44 lines (24 loc) · 3.49 KB

Amazon Redshift is a fully managed, petabyte-scale data warehouse service in the cloud. The Amazon Redshify service manages all of the work of setting up, operating, and scaling a data warehouse. These tasks include provisioning capacity, monitoring and backing up the cluster, and applying patches and upgrades to the Amazon Redshift engine.


  • An Amazon Redshift cluster is a set of nodes which consistes of a leader node and one or more compute nodes. The type and number of compute nodes that you need depecds on the size of your data, the number of queries you will execute, and the query execution performance that you need.

  • Redshify is used for business intelligence and pulls in very large and complex datasets to perform complex queries in order to gather insights from the data.

  • It fits the usecase of Online Analytical Processing (OLAP). Redshift is a pworful technology for data discovery including capabilities for almost limitless report viewing, complex analytical calculations, and predictive "what if" scenario (budget, forecast, etc.) planning.
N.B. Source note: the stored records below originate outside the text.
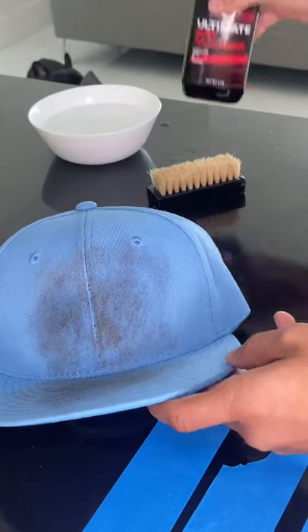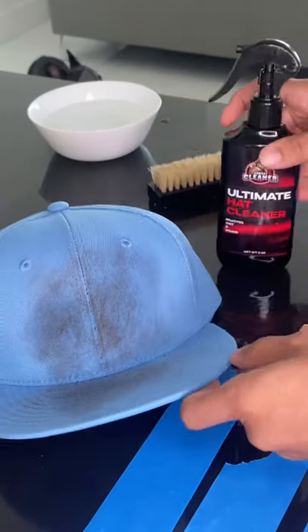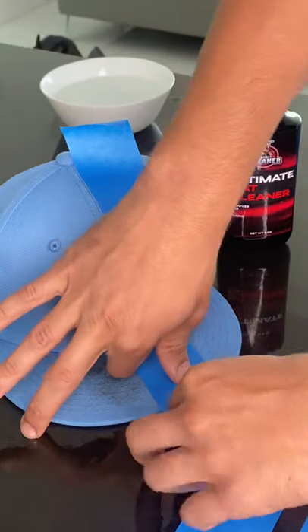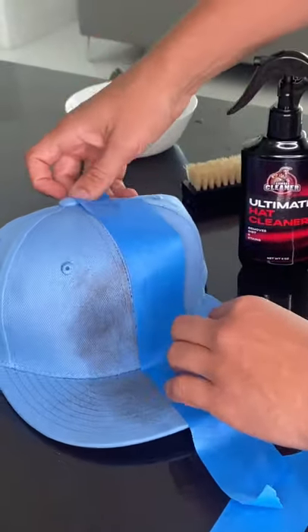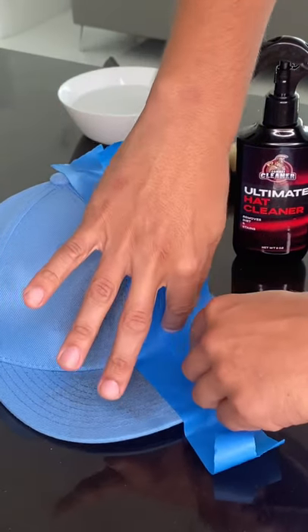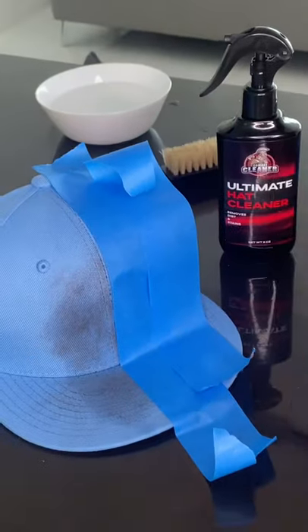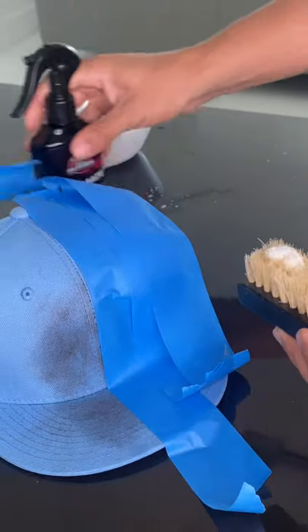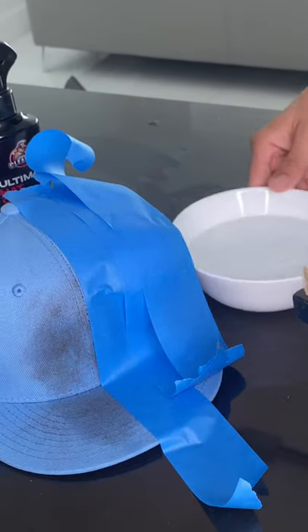I have a hat here. I'm going to do the hat cleaner review really quick to see how it's going to look before and after. Just really quick, just like this here, spray it here. I have my bowl of water here.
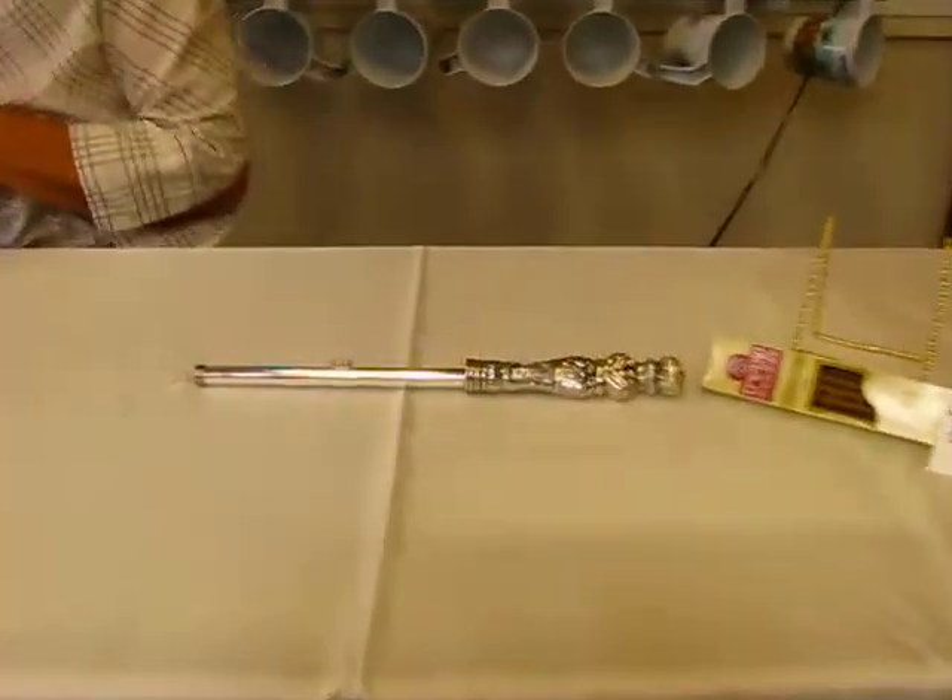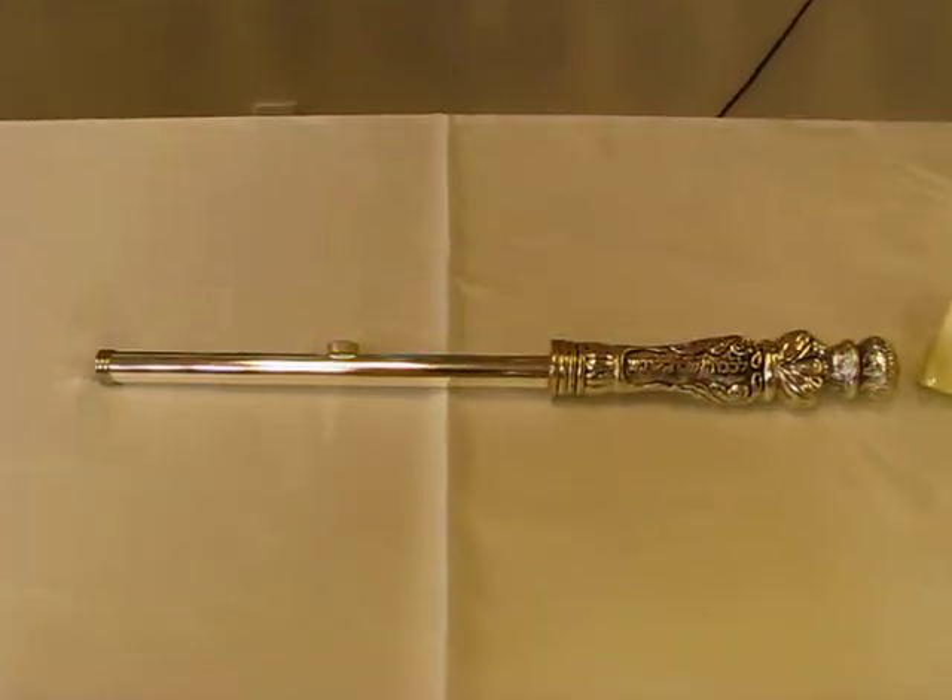Hi, it's Hava, and today I'd like to show you a candle lighter. A candle lighter is used on Shabbos and holidays to light the festive candles.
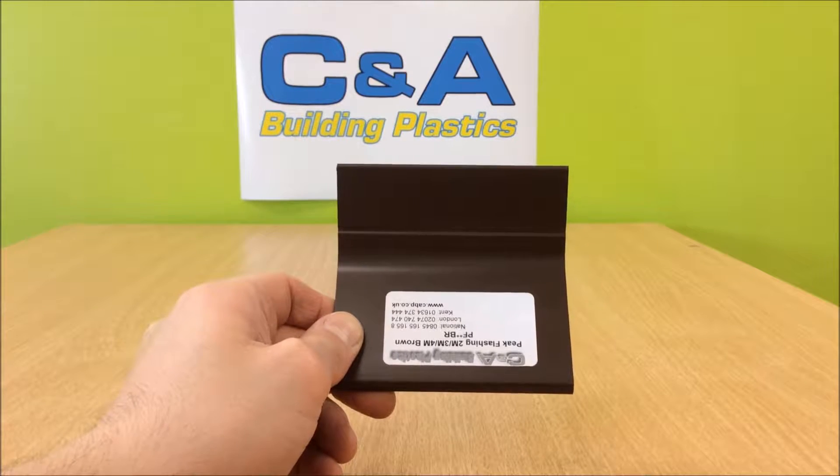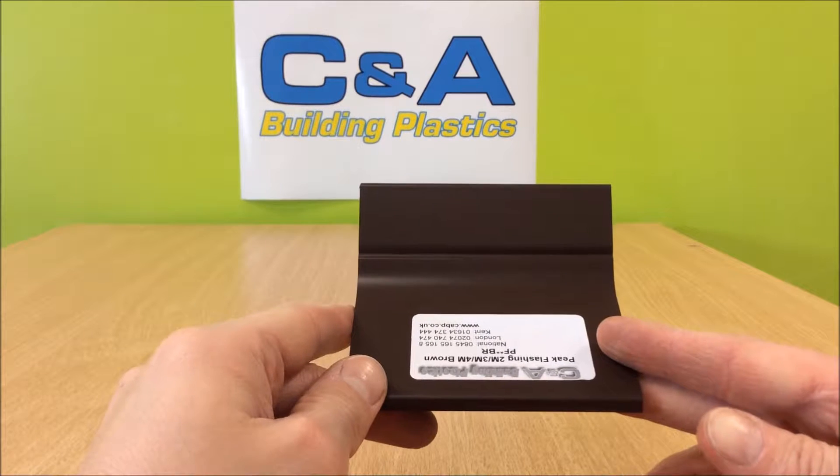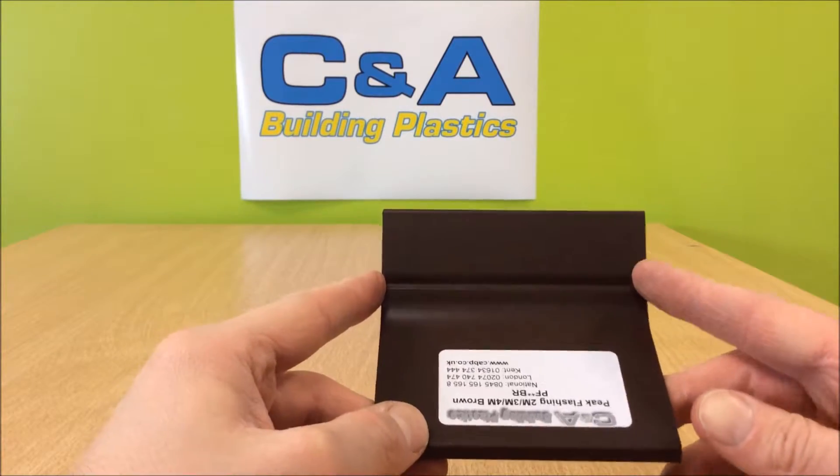This is CNA's PVC flashing. It comes in 2m, 3m, and 4m lengths. Someone has very clearly labeled it upside down for me here, but this is the way that it does go up.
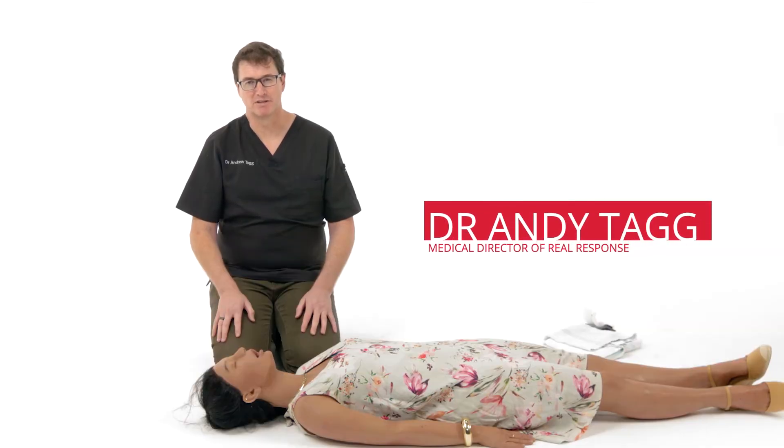I'm Andrew Tagg, Medical Director of Real Response, and I'm going to take you through some basic airway manoeuvres.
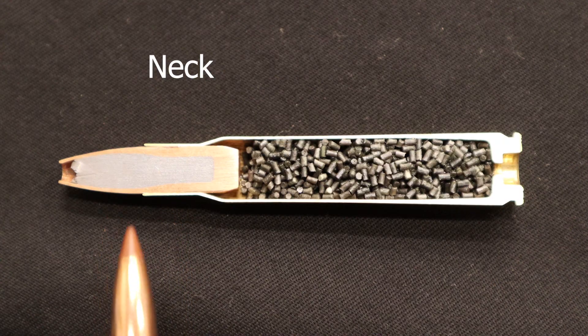The neck holds the bullet. It's slightly smaller than the bullet's diameter, resulting in a press fit between the neck and the bullet. When the cartridge is fired the neck expands, sealing the cartridge to the barrel and directing all of the expanding hot gases down the barrel, propelling the bullet along with them.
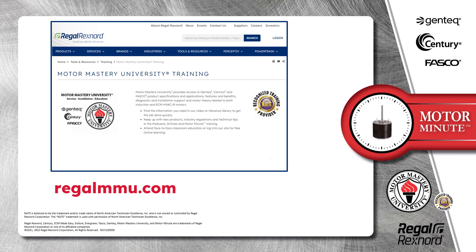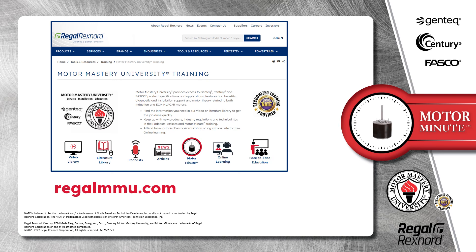And that's a wrap on this segment of Motor Minute. Remember, we provide motor training and product information in multiple formats including videos, literature, podcasts, articles, and of course Motor Minute technical tips, and classroom education both online and face to face. All of this industry-leading training is available at no charge to HVAC professionals at RegalMMU.com. Thank you for taking the time to build your motor knowledge.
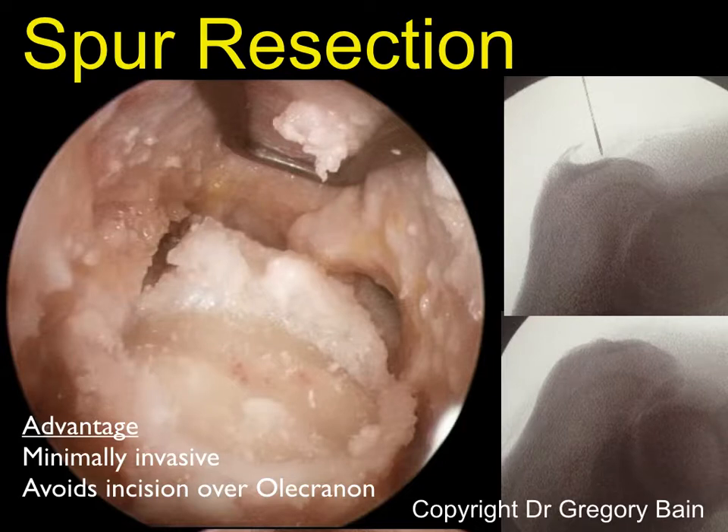Following the surgery, the patient can then commence early mobilization as there's no incision directly over the olecranon.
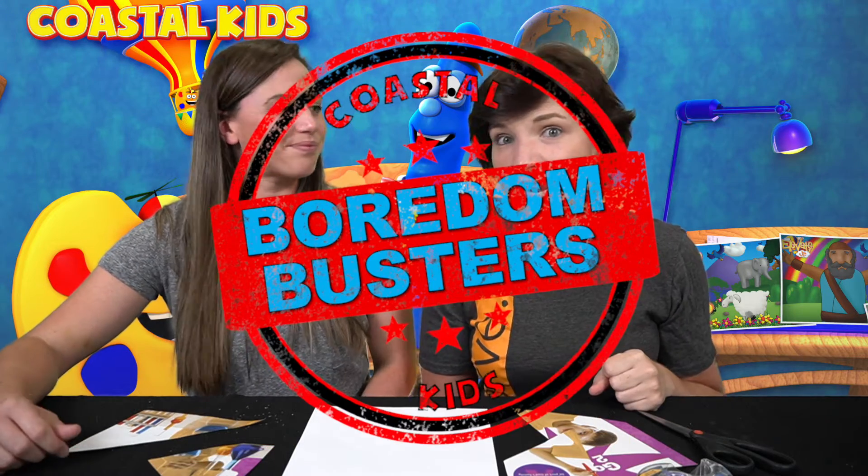Hey guys and welcome to Boredom Busters! Today is Friday and that means it's Fit Friday! But today we're not just working out our body, we're going to be working out our minds. Yes, and so today we are going to be creating and putting back together a puzzle.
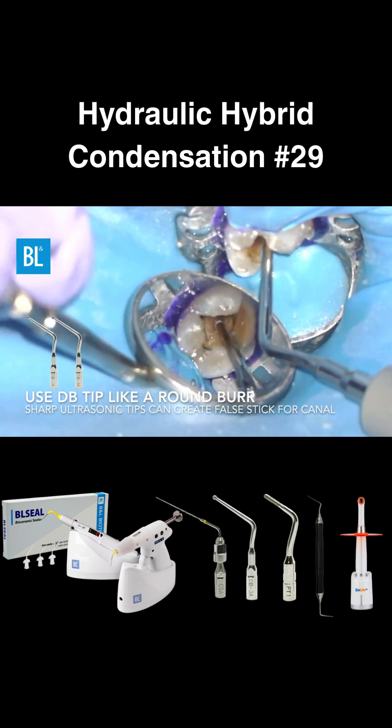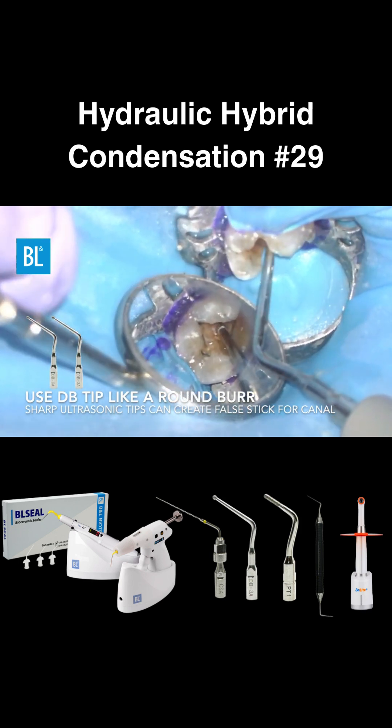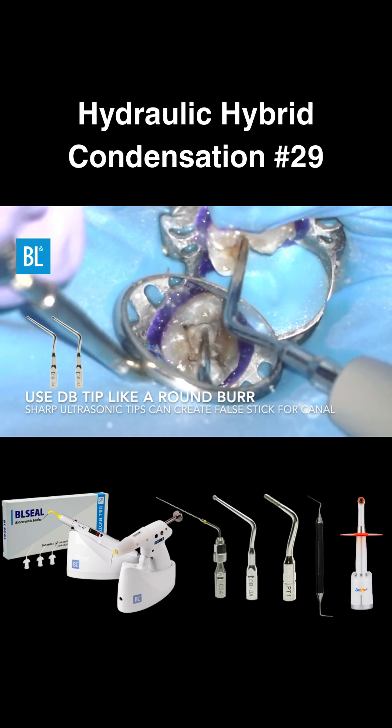Use a diamond ball tip, also known as a DB tip, to safely uncover the canal without risking perforation.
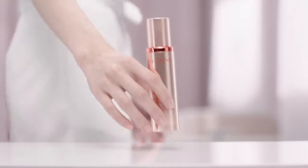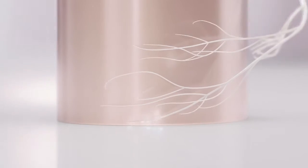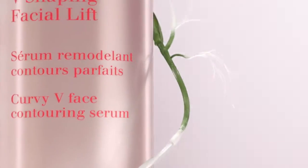New V-Shaping Facial Lift by Clarins. Enriched with plant-based ingredients to reignite your skin's uplifting power for a visibly refined, lifted V-shape.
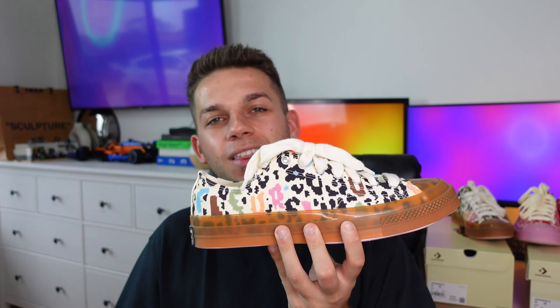My camera just died so I'll wrap up here. Please let me know in the comments which of these three colorways was your favorite, and whether you were a fan of the blue one. If you enjoyed today's video, feel free to drop a like — it's the best way of letting me know you're enjoying the content. Hope you enjoyed the video, hope to see you in the next one!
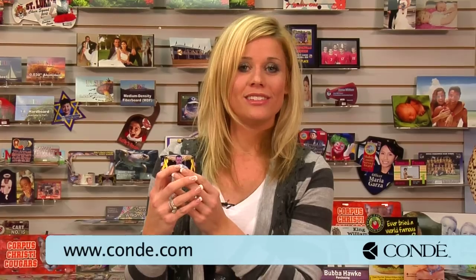For all of our tips, products, and services, be sure to check us out at conde.com, and watch more of our videos at conditv.com. Thank you for joining us.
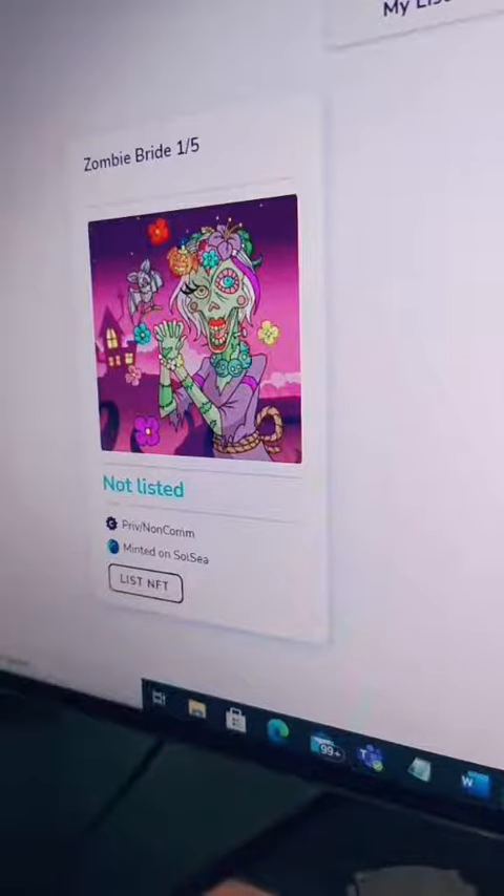It's not one that you've created but you've bought it — you just come into your wallet here, see your NFTs, and you can just click 'list my NFT'.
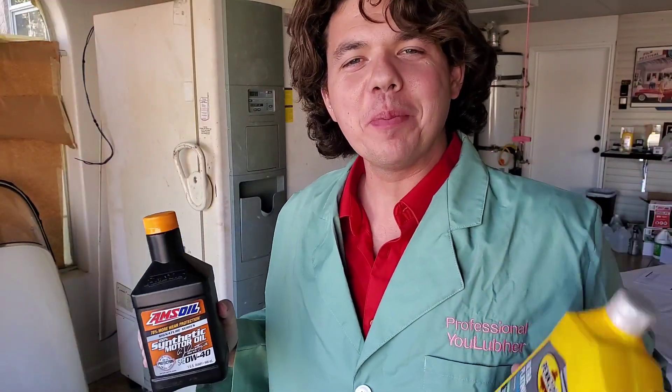Welcome to Synthetic Oil Protection. I'm your host Eben, and today is another exciting cold flow test at negative 50 degrees Celsius below zero, which is negative 58 degrees Fahrenheit below zero.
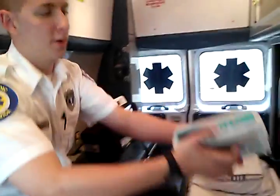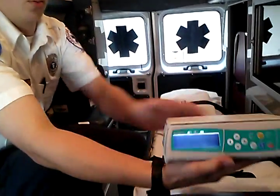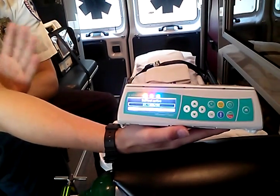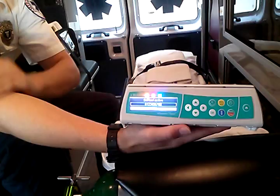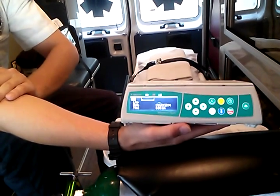First things first — when you get your pump, you're going to press the power button to turn it on. Once you load it up, it's going to run through a quick self-test, which is going to take about 10 to 15 seconds or so. Let it run through the self-test and wait for it to be done before you put any settings in.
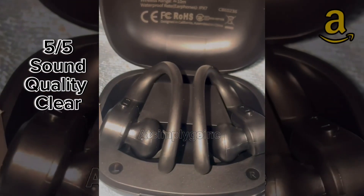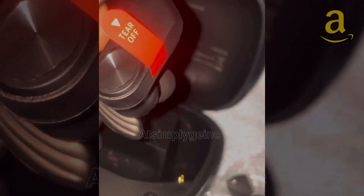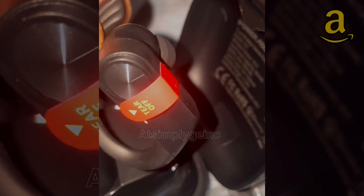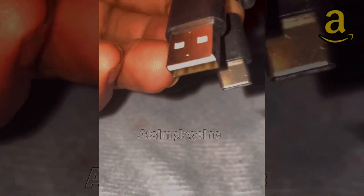They also come with extra earbuds. They cost approximately $30, and it is so simple to use — you don't have to be a genius. I would definitely recommend this as a cool holiday gift for that active person in your life, or just somebody that likes to listen to their 80s rock band without being judged by onlookers.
  • Depending on your data warehoudsing needs you can start with a small single-node cluster and easily scale up to a leager, multi-node cluster as your requiremets change. You can add or remove compute nodes to the cluster withour any interruption to the service.

  • If you intend to keep your cluster running for a year or longer, you can save money by reserving compute nodes for a one-year or three-year period.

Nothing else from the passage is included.